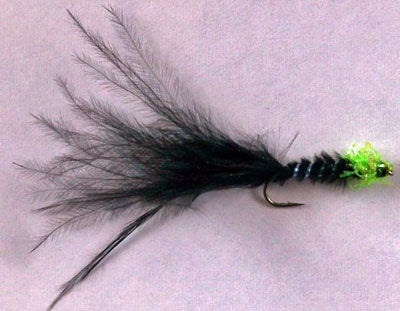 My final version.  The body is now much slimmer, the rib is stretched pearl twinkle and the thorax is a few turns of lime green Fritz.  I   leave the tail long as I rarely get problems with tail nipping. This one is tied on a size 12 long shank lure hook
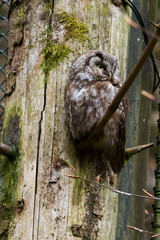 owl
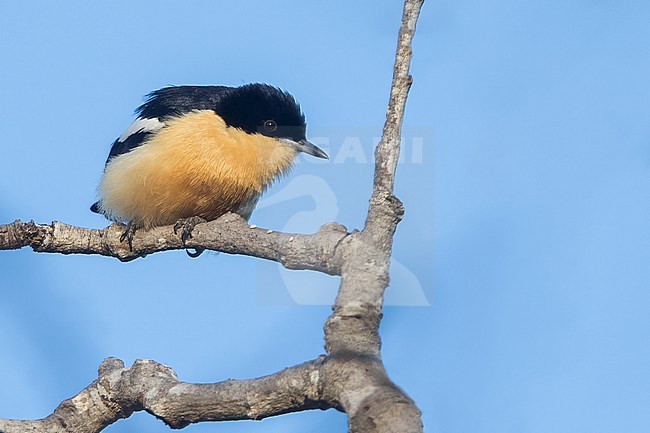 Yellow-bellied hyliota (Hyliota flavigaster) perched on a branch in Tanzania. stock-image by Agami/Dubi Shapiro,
· · · · ·
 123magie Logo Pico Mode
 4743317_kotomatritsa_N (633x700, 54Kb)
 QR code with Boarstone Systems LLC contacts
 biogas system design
· · · · ·
INSTRUCTIONS TO FOLLOW »
Taking the entries above, extract every line from the one bearing "My final version." through the one bearing "Yellow-bellied hyliota (Hyliota", exactly, with no pictures.

ANSWER BOX »
 My final version.  The body is now much slimmer, the rib is stretched pearl twinkle and the thorax is a few turns of lime green Fritz.  I   leave the tail long as I rarely get problems with tail nipping. This one is tied on a size 12 long shank lure hook
 owl
 Yellow-bellied hyliota (Hyliota flavigaster) perched on a branch in Tanzania. stock-image by Agami/Dubi Shapiro,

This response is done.